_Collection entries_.
....
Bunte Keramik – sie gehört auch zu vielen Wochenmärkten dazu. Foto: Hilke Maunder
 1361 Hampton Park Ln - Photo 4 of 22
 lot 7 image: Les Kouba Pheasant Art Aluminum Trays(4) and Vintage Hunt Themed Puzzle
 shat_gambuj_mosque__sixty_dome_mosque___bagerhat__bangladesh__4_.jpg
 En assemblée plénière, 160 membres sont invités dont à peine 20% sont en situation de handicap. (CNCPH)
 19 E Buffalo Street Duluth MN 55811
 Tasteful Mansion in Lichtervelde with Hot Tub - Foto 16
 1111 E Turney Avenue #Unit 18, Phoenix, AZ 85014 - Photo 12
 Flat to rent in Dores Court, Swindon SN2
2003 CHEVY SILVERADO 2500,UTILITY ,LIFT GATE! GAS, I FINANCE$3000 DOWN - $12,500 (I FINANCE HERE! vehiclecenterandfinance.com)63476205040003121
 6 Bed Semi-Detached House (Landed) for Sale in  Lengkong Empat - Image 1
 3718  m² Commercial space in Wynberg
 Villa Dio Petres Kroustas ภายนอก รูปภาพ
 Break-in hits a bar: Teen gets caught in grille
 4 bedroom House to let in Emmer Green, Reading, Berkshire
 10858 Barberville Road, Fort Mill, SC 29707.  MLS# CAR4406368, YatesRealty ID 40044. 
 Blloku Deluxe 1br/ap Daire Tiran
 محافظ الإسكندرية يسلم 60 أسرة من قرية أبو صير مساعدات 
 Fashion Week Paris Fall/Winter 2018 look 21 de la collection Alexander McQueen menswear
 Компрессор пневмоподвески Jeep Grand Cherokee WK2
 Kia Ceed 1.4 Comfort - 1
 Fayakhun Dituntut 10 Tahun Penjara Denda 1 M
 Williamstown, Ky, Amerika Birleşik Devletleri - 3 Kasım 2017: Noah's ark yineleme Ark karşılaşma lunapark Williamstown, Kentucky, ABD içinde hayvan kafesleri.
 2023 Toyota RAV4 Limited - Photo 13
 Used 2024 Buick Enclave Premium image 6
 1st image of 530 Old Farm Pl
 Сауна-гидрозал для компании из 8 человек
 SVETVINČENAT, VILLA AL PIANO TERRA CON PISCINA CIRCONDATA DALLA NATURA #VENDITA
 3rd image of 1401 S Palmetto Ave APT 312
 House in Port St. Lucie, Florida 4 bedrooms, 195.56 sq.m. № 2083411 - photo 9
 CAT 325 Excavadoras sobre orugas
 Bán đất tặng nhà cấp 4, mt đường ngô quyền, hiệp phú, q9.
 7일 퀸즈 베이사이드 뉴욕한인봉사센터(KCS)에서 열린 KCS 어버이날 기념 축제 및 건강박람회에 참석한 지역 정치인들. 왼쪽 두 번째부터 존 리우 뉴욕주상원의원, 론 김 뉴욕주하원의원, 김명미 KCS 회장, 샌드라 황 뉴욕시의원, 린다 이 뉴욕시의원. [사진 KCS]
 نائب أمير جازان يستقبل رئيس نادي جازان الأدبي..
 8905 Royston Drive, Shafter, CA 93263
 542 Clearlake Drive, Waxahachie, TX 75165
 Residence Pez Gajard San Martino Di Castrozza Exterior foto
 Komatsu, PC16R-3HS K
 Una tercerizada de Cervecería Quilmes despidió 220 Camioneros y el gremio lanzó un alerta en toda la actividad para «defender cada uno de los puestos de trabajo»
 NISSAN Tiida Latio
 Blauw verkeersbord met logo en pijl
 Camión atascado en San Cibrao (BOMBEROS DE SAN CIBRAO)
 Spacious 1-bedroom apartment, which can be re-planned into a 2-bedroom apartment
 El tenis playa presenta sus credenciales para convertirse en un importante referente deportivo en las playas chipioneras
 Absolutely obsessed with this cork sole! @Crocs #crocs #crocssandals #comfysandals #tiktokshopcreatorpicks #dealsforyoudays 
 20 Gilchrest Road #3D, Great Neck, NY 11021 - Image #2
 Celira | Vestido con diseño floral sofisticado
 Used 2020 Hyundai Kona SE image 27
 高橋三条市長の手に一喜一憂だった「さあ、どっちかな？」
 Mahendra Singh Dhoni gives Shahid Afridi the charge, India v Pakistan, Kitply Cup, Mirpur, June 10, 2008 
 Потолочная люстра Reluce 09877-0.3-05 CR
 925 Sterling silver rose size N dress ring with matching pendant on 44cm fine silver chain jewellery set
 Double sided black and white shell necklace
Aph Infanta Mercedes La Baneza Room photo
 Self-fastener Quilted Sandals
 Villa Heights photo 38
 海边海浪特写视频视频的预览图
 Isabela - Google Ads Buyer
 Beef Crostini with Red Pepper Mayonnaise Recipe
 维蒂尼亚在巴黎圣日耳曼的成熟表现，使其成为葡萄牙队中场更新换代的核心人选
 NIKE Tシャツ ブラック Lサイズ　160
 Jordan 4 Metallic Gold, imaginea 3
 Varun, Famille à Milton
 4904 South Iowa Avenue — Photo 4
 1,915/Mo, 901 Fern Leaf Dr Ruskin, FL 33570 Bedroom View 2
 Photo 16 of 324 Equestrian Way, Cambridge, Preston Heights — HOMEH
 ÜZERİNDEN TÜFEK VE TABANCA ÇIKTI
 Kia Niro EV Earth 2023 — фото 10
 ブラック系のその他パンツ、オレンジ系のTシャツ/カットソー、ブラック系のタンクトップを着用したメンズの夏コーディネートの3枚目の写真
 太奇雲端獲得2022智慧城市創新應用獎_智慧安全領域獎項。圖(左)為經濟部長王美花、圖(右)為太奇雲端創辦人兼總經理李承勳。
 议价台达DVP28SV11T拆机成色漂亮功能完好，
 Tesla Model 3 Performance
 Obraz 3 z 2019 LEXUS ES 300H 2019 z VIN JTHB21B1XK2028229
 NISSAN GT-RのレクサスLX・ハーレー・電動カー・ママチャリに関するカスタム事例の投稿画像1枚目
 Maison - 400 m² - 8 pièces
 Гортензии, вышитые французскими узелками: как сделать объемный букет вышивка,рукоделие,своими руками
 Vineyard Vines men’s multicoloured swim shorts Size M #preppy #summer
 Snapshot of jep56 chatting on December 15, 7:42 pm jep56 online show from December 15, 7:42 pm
....
_EXERCISE DESCRIPTION_.
After reading the data above, print it all again exactly.

_EXPECTED OUTPUT_.
Bunte Keramik – sie gehört auch zu vielen Wochenmärkten dazu. Foto: Hilke Maunder
 1361 Hampton Park Ln - Photo 4 of 22
 lot 7 image: Les Kouba Pheasant Art Aluminum Trays(4) and Vintage Hunt Themed Puzzle
 shat_gambuj_mosque__sixty_dome_mosque___bagerhat__bangladesh__4_.jpg
 En assemblée plénière, 160 membres sont invités dont à peine 20% sont en situation de handicap. (CNCPH)
 19 E Buffalo Street Duluth MN 55811
 Tasteful Mansion in Lichtervelde with Hot Tub - Foto 16
 1111 E Turney Avenue #Unit 18, Phoenix, AZ 85014 - Photo 12
 Flat to rent in Dores Court, Swindon SN2
2003 CHEVY SILVERADO 2500,UTILITY ,LIFT GATE! GAS, I FINANCE$3000 DOWN - $12,500 (I FINANCE HERE! vehiclecenterandfinance.com)63476205040003121
 6 Bed Semi-Detached House (Landed) for Sale in  Lengkong Empat - Image 1
 3718  m² Commercial space in Wynberg
 Villa Dio Petres Kroustas ภายนอก รูปภาพ
 Break-in hits a bar: Teen gets caught in grille
 4 bedroom House to let in Emmer Green, Reading, Berkshire
 10858 Barberville Road, Fort Mill, SC 29707.  MLS# CAR4406368, YatesRealty ID 40044. 
 Blloku Deluxe 1br/ap Daire Tiran
 محافظ الإسكندرية يسلم 60 أسرة من قرية أبو صير مساعدات 
 Fashion Week Paris Fall/Winter 2018 look 21 de la collection Alexander McQueen menswear
 Компрессор пневмоподвески Jeep Grand Cherokee WK2
 Kia Ceed 1.4 Comfort - 1
 Fayakhun Dituntut 10 Tahun Penjara Denda 1 M
 Williamstown, Ky, Amerika Birleşik Devletleri - 3 Kasım 2017: Noah's ark yineleme Ark karşılaşma lunapark Williamstown, Kentucky, ABD içinde hayvan kafesleri.
 2023 Toyota RAV4 Limited - Photo 13
 Used 2024 Buick Enclave Premium image 6
 1st image of 530 Old Farm Pl
 Сауна-гидрозал для компании из 8 человек
 SVETVINČENAT, VILLA AL PIANO TERRA CON PISCINA CIRCONDATA DALLA NATURA #VENDITA
 3rd image of 1401 S Palmetto Ave APT 312
 House in Port St. Lucie, Florida 4 bedrooms, 195.56 sq.m. № 2083411 - photo 9
 CAT 325 Excavadoras sobre orugas
 Bán đất tặng nhà cấp 4, mt đường ngô quyền, hiệp phú, q9.
 7일 퀸즈 베이사이드 뉴욕한인봉사센터(KCS)에서 열린 KCS 어버이날 기념 축제 및 건강박람회에 참석한 지역 정치인들. 왼쪽 두 번째부터 존 리우 뉴욕주상원의원, 론 김 뉴욕주하원의원, 김명미 KCS 회장, 샌드라 황 뉴욕시의원, 린다 이 뉴욕시의원. [사진 KCS]
 نائب أمير جازان يستقبل رئيس نادي جازان الأدبي..
 8905 Royston Drive, Shafter, CA 93263
 542 Clearlake Drive, Waxahachie, TX 75165
 Residence Pez Gajard San Martino Di Castrozza Exterior foto
 Komatsu, PC16R-3HS K
 Una tercerizada de Cervecería Quilmes despidió 220 Camioneros y el gremio lanzó un alerta en toda la actividad para «defender cada uno de los puestos de trabajo»
 NISSAN Tiida Latio
 Blauw verkeersbord met logo en pijl
 Camión atascado en San Cibrao (BOMBEROS DE SAN CIBRAO)
 Spacious 1-bedroom apartment, which can be re-planned into a 2-bedroom apartment
 El tenis playa presenta sus credenciales para convertirse en un importante referente deportivo en las playas chipioneras
 Absolutely obsessed with this cork sole! @Crocs #crocs #crocssandals #comfysandals #tiktokshopcreatorpicks #dealsforyoudays 
 20 Gilchrest Road #3D, Great Neck, NY 11021 - Image #2
 Celira | Vestido con diseño floral sofisticado
 Used 2020 Hyundai Kona SE image 27
 高橋三条市長の手に一喜一憂だった「さあ、どっちかな？」
 Mahendra Singh Dhoni gives Shahid Afridi the charge, India v Pakistan, Kitply Cup, Mirpur, June 10, 2008 
 Потолочная люстра Reluce 09877-0.3-05 CR
 925 Sterling silver rose size N dress ring with matching pendant on 44cm fine silver chain jewellery set
 Double sided black and white shell necklace
Aph Infanta Mercedes La Baneza Room photo
 Self-fastener Quilted Sandals
 Villa Heights photo 38
 海边海浪特写视频视频的预览图
 Isabela - Google Ads Buyer
 Beef Crostini with Red Pepper Mayonnaise Recipe
 维蒂尼亚在巴黎圣日耳曼的成熟表现，使其成为葡萄牙队中场更新换代的核心人选
 NIKE Tシャツ ブラック Lサイズ　160
 Jordan 4 Metallic Gold, imaginea 3
 Varun, Famille à Milton
 4904 South Iowa Avenue — Photo 4
 1,915/Mo, 901 Fern Leaf Dr Ruskin, FL 33570 Bedroom View 2
 Photo 16 of 324 Equestrian Way, Cambridge, Preston Heights — HOMEH
 ÜZERİNDEN TÜFEK VE TABANCA ÇIKTI
 Kia Niro EV Earth 2023 — фото 10
 ブラック系のその他パンツ、オレンジ系のTシャツ/カットソー、ブラック系のタンクトップを着用したメンズの夏コーディネートの3枚目の写真
 太奇雲端獲得2022智慧城市創新應用獎_智慧安全領域獎項。圖(左)為經濟部長王美花、圖(右)為太奇雲端創辦人兼總經理李承勳。
 议价台达DVP28SV11T拆机成色漂亮功能完好，
 Tesla Model 3 Performance
 Obraz 3 z 2019 LEXUS ES 300H 2019 z VIN JTHB21B1XK2028229
 NISSAN GT-RのレクサスLX・ハーレー・電動カー・ママチャリに関するカスタム事例の投稿画像1枚目
 Maison - 400 m² - 8 pièces
 Гортензии, вышитые французскими узелками: как сделать объемный букет вышивка,рукоделие,своими руками
 Vineyard Vines men’s multicoloured swim shorts Size M #preppy #summer
 Snapshot of jep56 chatting on December 15, 7:42 pm jep56 online show from December 15, 7:42 pm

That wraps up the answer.